China's April CPI up 5.3%, PPI up 6.8%

China Daily (2011-05-11 11:10) [Full Text]

 

Xinhua

BEIJING -- China's consumer price index (CPI), a main gauge of inflation, rose 5.3 percent in April from a year ago, the National Bureau of Statistics (NBS) said on Wednesday.

The April figure was down 0.1 percentage points from March's 32- month high of 5.4 percent, according to the NBS.

China's producer price index (PPI), a main gauge of inflation at the wholesale level, rose 6.8 percent in April from a year ago, down 0.5 percentage points from the previous month.

NBS spokesman Sheng Laiyun said food prices, which account for nearly a third of the basket of goods in the nation's CPI calculation, surged 11.5 percent year-on-year. Non-food prices rose 2.7 percent from a year earlier.

China has adjusted the weight of items in its CPI calculation from the start of the year -- with the food weighting pushed down 2.21 percentage points and property-related weighting up 4.22 percentage points.

 

Last month, consumer prices rose 5.2 percent in urban areas and 5.8 percent in the rural region, compared with a year earlier, said Sheng.

The April CPI was above the government's target of 4 percent for the year.

Government measures to contain vegetable prices are having an effect, said Wang Xiaoguang, a research fellow at the Policy Advisory Department of the Chinese Academy of Governance, adding that he expected CPI to drop slightly in the second quarter from the first quarter's 5 percent growth.

China's quarterly inflation downward trend would continue, said Wang, forecasting a lower than 4 percent quarterly CPI growth rate in the third quarter and less than 3 percent growth in the forth quarter.

During the week of May 2 to 8, the average wholesale prices of 18 types of vegetables dropped 3.1 percent from the previous week, China's commerce ministry said in a statement on its website Tuesday. The decline was 1.1 percentage points lower than that of the previous week.

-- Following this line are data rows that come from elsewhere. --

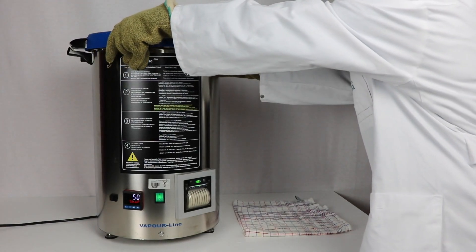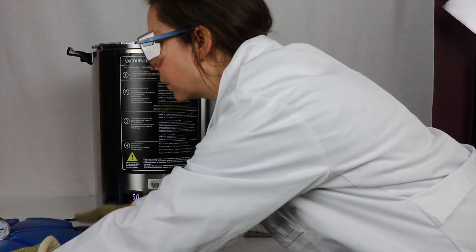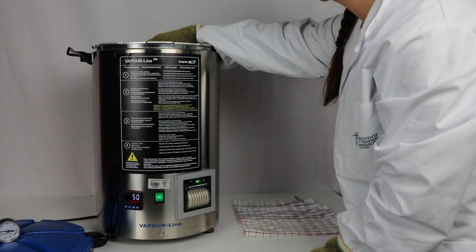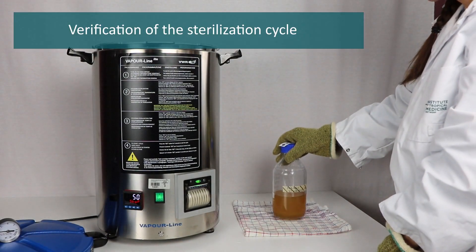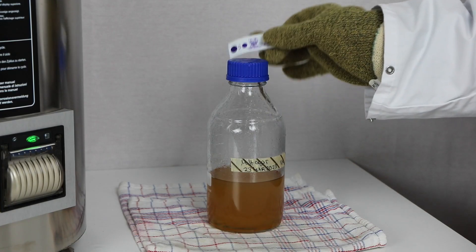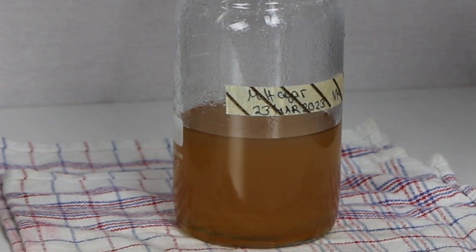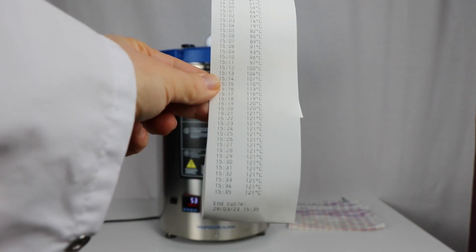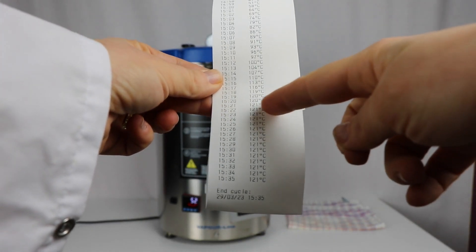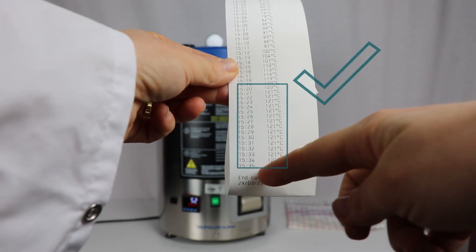Open the cover and take out the sterilized material. Verification of the sterilization cycle: verify the steam sterilization indicators and the steam indicator tape — dark brown or black lines should be visible after autoclaving. Verify the printout of the autoclave. Verify that the correct temperature was maintained for the correct amount of time.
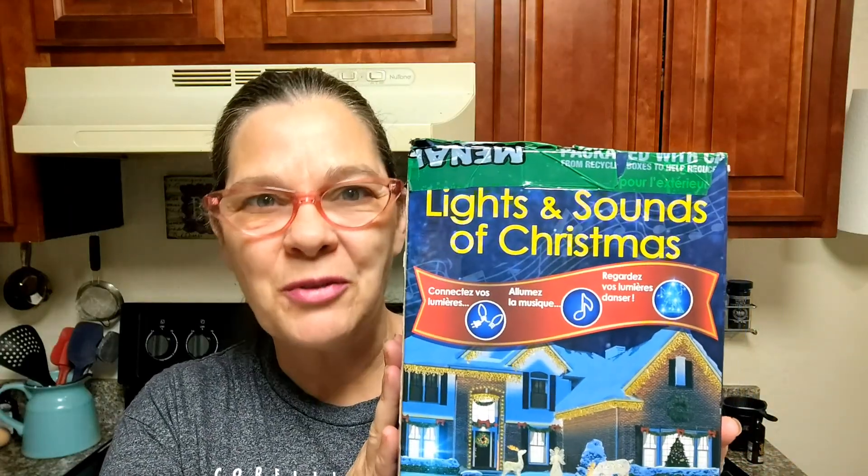Hey there, I'm Charlotte, the Gulf Coast Granny, and today I got a box of Christmas magic delivered to me. Check out the Lights and Sounds of Christmas.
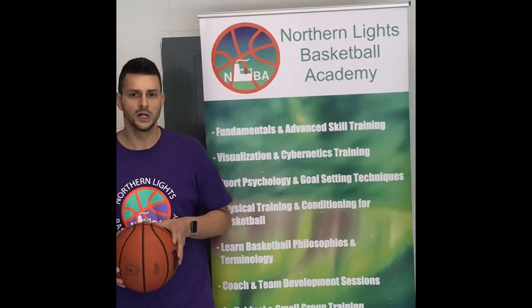I'm Coach Kyle here from Northern Lights Basketball Academy in Sudbury, Ontario. I want to thank everyone for the support, the likes and comments in the last couple months of launch.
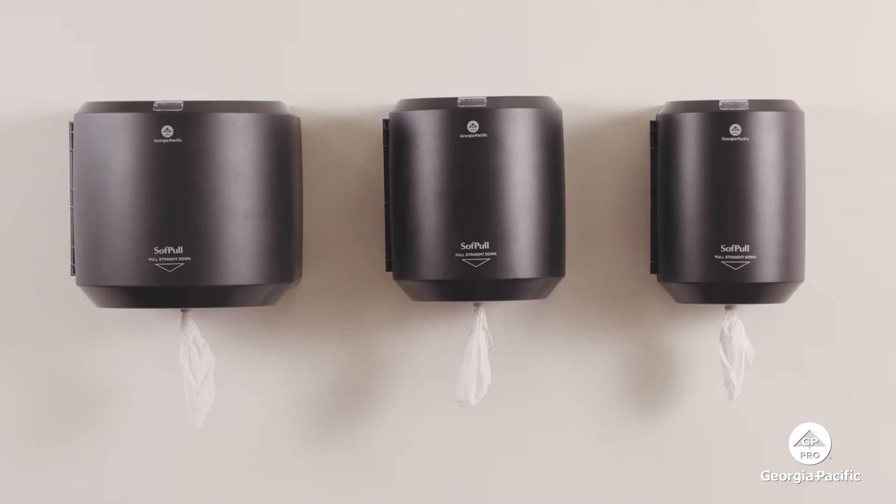No matter how you mount it, the one-at-a-time dispensing helps reduce waste. And the touchless design helps prevent cross-contamination.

Wang played down the direct impact of increasing money supply on CPI growth, claiming that inflation would have already hit double digits if it had a direct link with the money supply.

The broad money supply (M2), which covers cash in circulation and all deposits, increased 16.6 percent year-on-year as of the end of March, 0.9 percentage points higher than that as of the end of February. The increase exceeded the government's target ceiling of 16 percent for 2011 set in a government work report released in March.